## RAW DATA
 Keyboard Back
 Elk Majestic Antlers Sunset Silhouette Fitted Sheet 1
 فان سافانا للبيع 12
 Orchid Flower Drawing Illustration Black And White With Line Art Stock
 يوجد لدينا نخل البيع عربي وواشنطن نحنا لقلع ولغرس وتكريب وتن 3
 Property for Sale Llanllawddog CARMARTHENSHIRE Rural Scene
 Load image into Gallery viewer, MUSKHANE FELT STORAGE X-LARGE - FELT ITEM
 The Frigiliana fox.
...
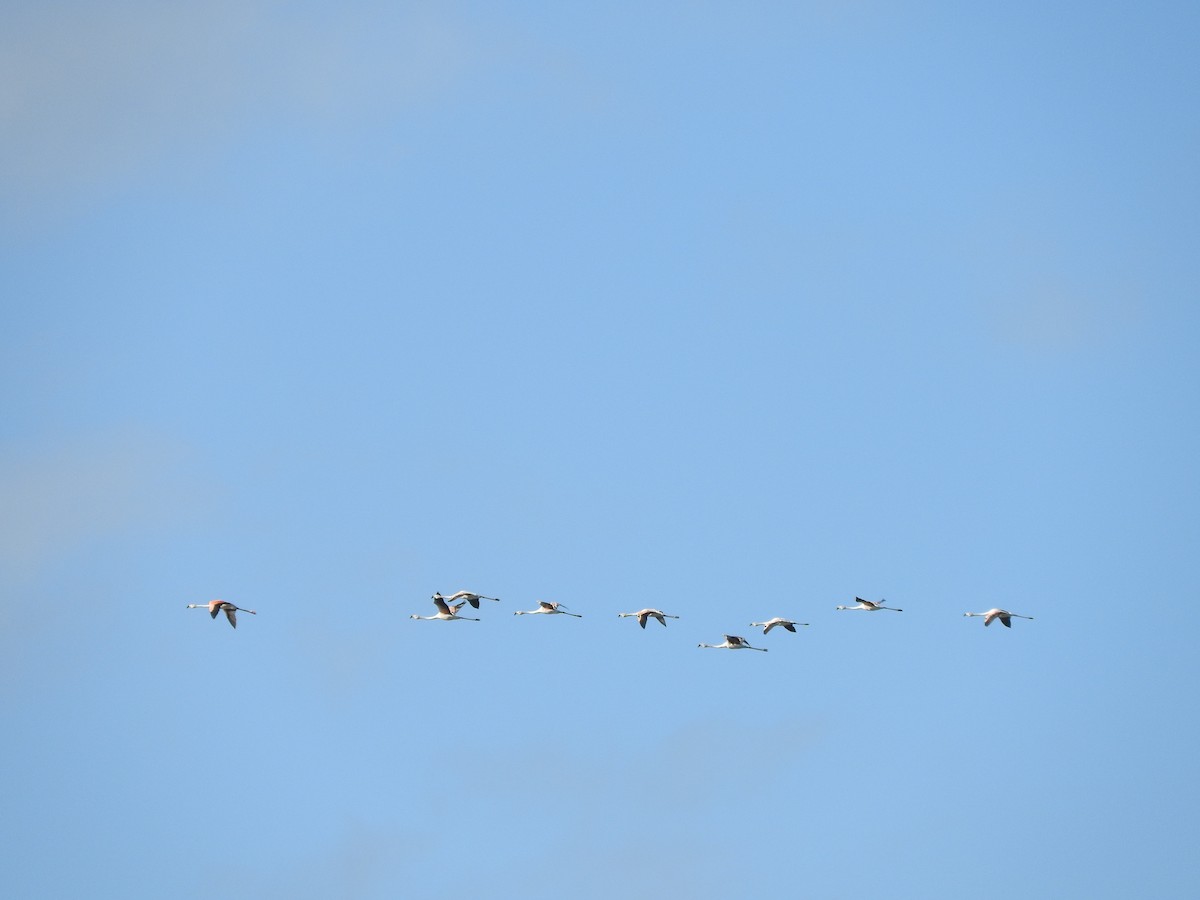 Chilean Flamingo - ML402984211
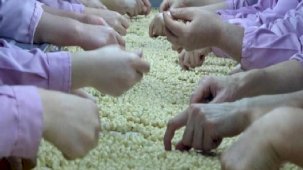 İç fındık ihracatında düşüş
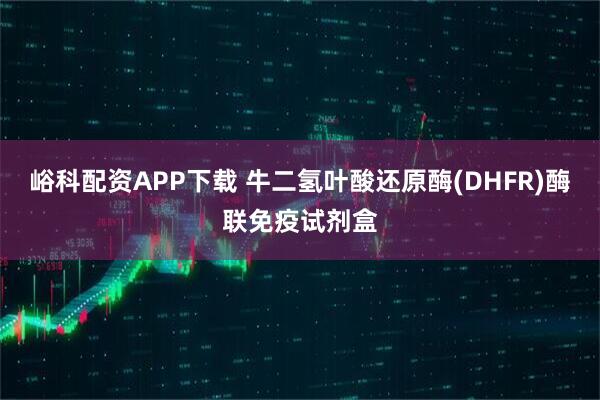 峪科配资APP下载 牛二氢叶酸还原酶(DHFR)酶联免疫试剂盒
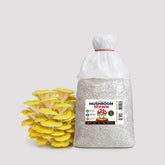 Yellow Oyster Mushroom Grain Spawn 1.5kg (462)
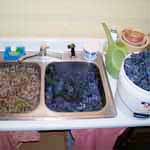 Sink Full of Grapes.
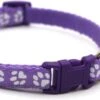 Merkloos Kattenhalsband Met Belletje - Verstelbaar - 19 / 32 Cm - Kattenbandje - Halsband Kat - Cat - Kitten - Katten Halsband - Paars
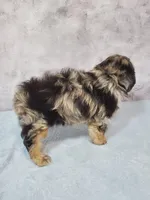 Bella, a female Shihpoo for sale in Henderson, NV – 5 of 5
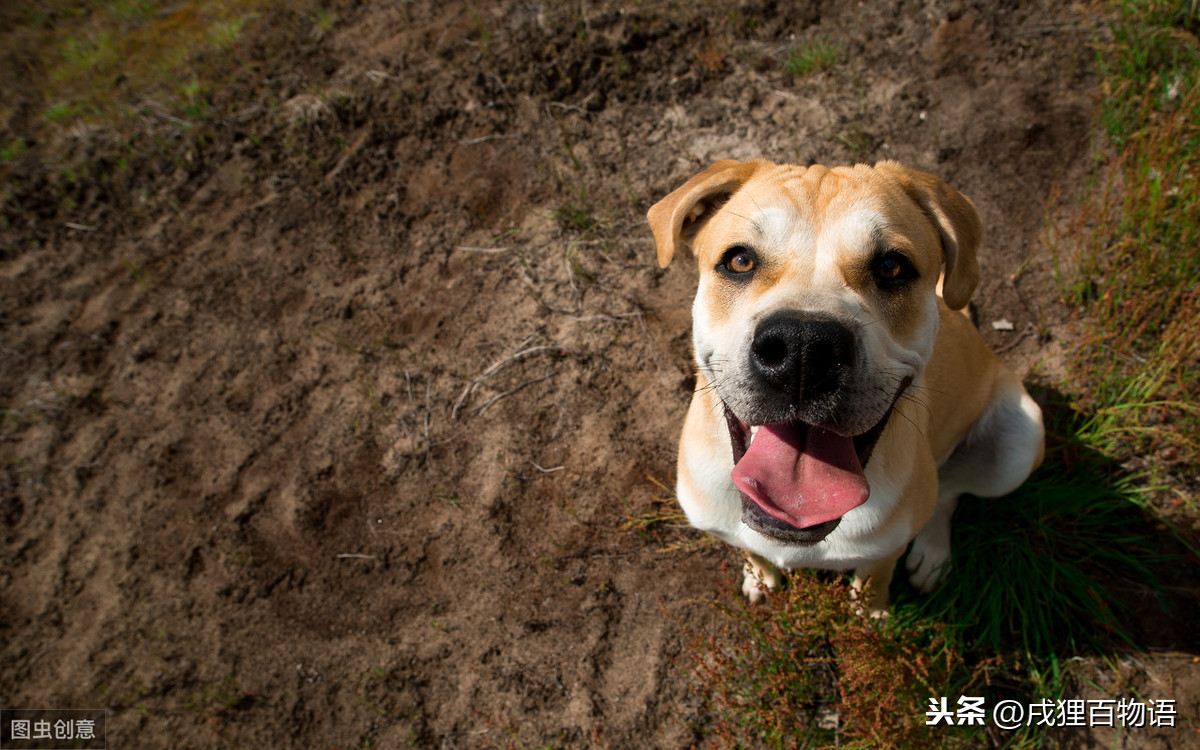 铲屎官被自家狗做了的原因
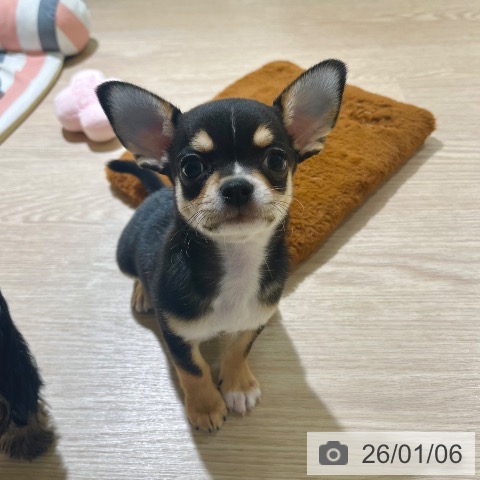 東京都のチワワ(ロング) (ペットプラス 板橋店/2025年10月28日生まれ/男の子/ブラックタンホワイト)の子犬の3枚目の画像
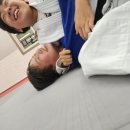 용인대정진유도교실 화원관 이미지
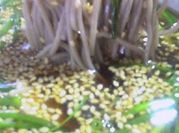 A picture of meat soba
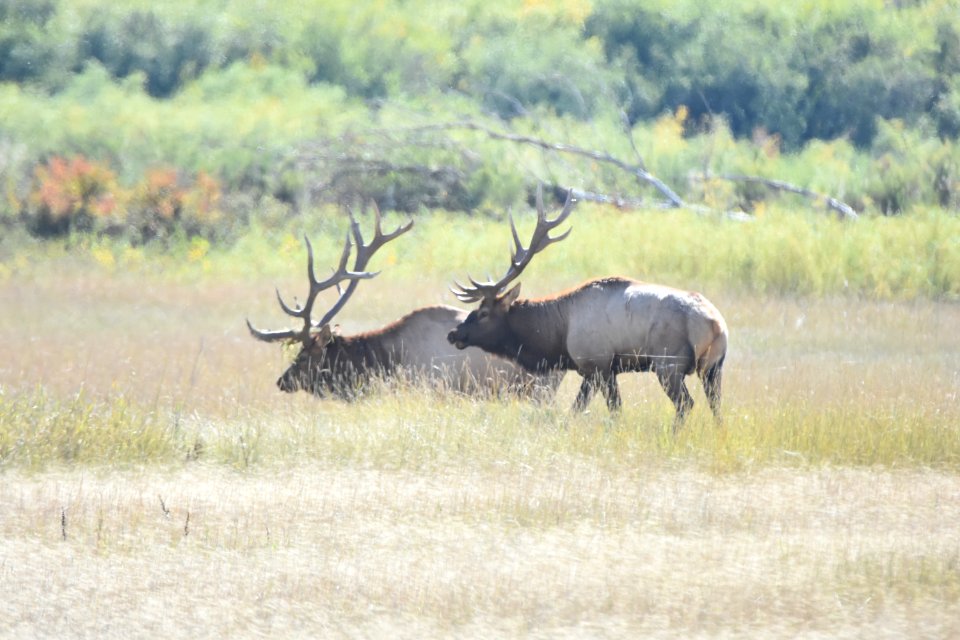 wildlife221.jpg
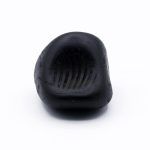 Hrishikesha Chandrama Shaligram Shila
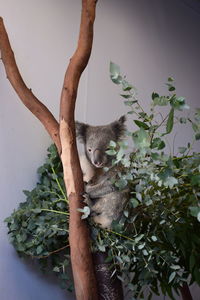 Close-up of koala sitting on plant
--
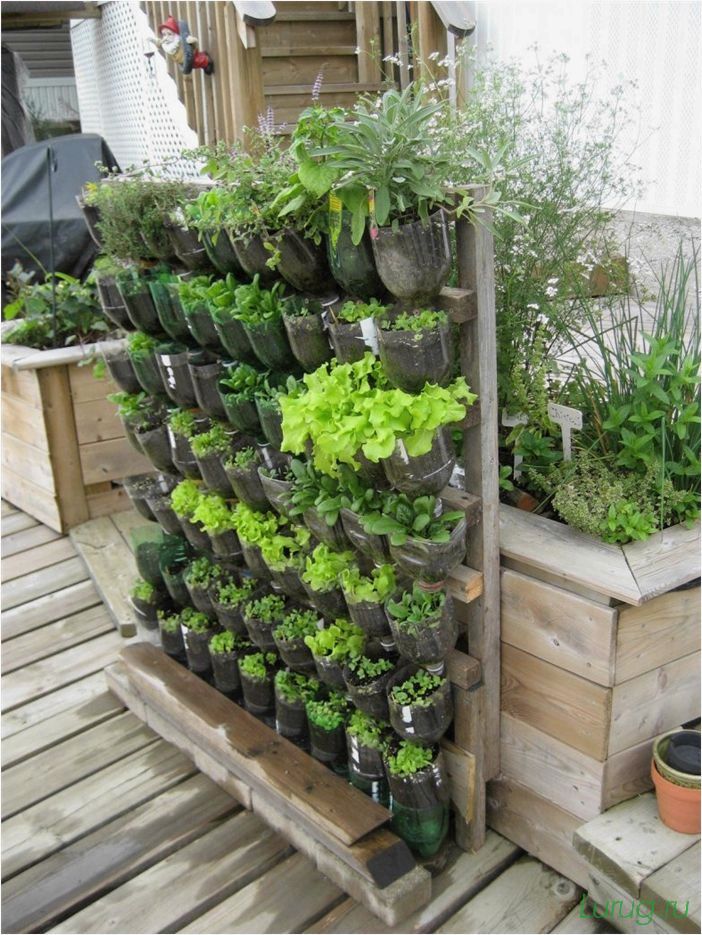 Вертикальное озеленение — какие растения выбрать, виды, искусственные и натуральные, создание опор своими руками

## WHAT IS EXPECTED
Return the span of lines in the data above that opens at the line with "Load image into" and closes at the line with "The Frigiliana fox.", exactly, ends included, nothing else.

## TASK RESPONSE
 Load image into Gallery viewer, MUSKHANE FELT STORAGE X-LARGE - FELT ITEM
 The Frigiliana fox.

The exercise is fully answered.